O presidente afirmou que hoje o Brasil vive um cenário que exige juros mais baixos para convencer os empresários a investir no País e comparou Campos Neto com o ex-juiz Moro, ao dizer que o chefe do BC tem mesmo papel, “com rabo preso a compromissos políticos”.
No comunicado da decisão, o Copom reiterou que os juros terão de continuar em nível restritivo. “A política monetária deve se manter contracionista por tempo suficiente em patamar que consolide não apenas o processo de desinflação, como também a ancoragem das expectativas em torno de suas metas”, diz o texto.
Segundo o Copom, “eventuais ajustes futuros” na taxa básica de juros serão ditados pelo “firme compromisso” de convergência da inflação à meta. O comitê reiterou que, diante de um processo de desinflação mais lento, da desancoragem das expectativas e do cenário global desafiador, é necessário ter “serenidade e moderação na condução da política monetária.”
O comitê reiterou que o cenário externo continua “adverso”, devido à incerteza “elevada e persistente” sobre a velocidade da desinflação global. As dúvidas sobre o início da flexibilização monetária nos Estados Unidos também pesam, afirmou o colegiado.

Racha entre diretores na reunião de maio levantou suspeitas de que poderia haver uma divisão política dentro do Copom e gerou ruídos no mercado. Foto: Wilton Junior/Estadão
“Os bancos centrais das principais economias permanecem determinados em promover a convergência das taxas de inflação para suas metas em um ambiente marcado por pressões nos mercados de trabalho”, diz o comunicado. “O comitê avalia que o cenário segue exigindo cautela por parte de países emergentes.”
O colegiado manteve seu balanço de risco inalterado no comunicado, destacando que permanecem fatores de risco em ambas as direções. O documento cita dois riscos para alta do cenário inflacionário: a maior persistência das pressões inflacionárias globais e a maior resiliência na inflação de serviços do que a projetada.
Já para os riscos de baixa, o Copom destacou a desaceleração da atividade econômica global mais acentuada do que a projetada e impactos do aperto monetário sincronizado sobre a desinflação global mais fortes do que o esperado. “O Comitê avalia que as conjunturas doméstica e internacional seguem mais incertas, exigindo maior cautela na condução da política monetária”, diz o comunicado.
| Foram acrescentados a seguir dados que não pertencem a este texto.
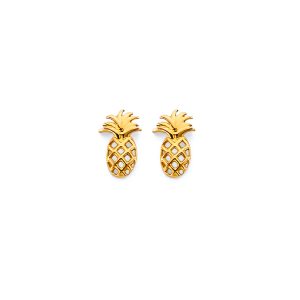14KY CZ Pineapple Push Back Earrings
O próximo encontro do Copom está previsto para os dias 30 e 31 de julho.
Juros reais
O País segue em segundo lugar no ranking mundial dos juros reais (descontada a inflação à frente). Segundo levantamento do site MoneyYou com 40 economias, o Brasil passa a ter uma taxa de juros real de 6,79%, apenas atrás da Rússia (8,91%). Em terceiro, aparece o México (6,52%).
A média das 40 economias pesquisadas é de 0,36%. Até a informação mais recente divulgada pelo BC, o juro neutro brasileiro, que não estimula nem contrai a economia e, consequentemente, não acelera nem alivia a inflação brasileira, era estimado pela instituição em 4,5%. Em reunião do mercado com o BC no início deste mês, economistas cogitaram a possibilidade de o juro real neutro já estar próximo da casa de 6%.
Projeções de inflação
As projeções oficiais do Banco Central para a inflação voltaram a subir. No cenário de referência, que utiliza câmbio conforme a Paridade do Poder de Compra (PPC) e juros do Relatório de Mercado Focus, o BC alterou a projeção do IPCA de 2024 de 3,8% para 4,0%. Para 2025, a atualização foi de 3,3% para 3,4%.
Também considerando o cenário de referência, o BC atualizou as projeções para os preços administrados. Em 2024, a estimativa passou de 4,8% para 4,4%. Já em 2025, manteve-se em 4,0%. Nesse cenário, o BC considera ainda que o preço do petróleo deve seguir aproximadamente a curva futura pelos próximos seis meses e passar a aumentar 2% ao ano na sequência. Também adota a hipótese de bandeira tarifária “verde” em dezembro de 2024 e 2025.
No mercado, a expectativa de inflação do Boletim Focus deste ano disparou entre os dois encontros do Comitê (de 3,72% para 3,96%) e a para 2025, foco principal da política monetária, também aumentou significativamente – de 3,64% para 3,80%.
Tanto as projeções do Copom quanto as do mercado seguem bem acima da meta contínua, de 3,00% que deve ser oficializada pelo governo na semana que vem. Para horizontes mais longos, o Focus também mostra desancoragem.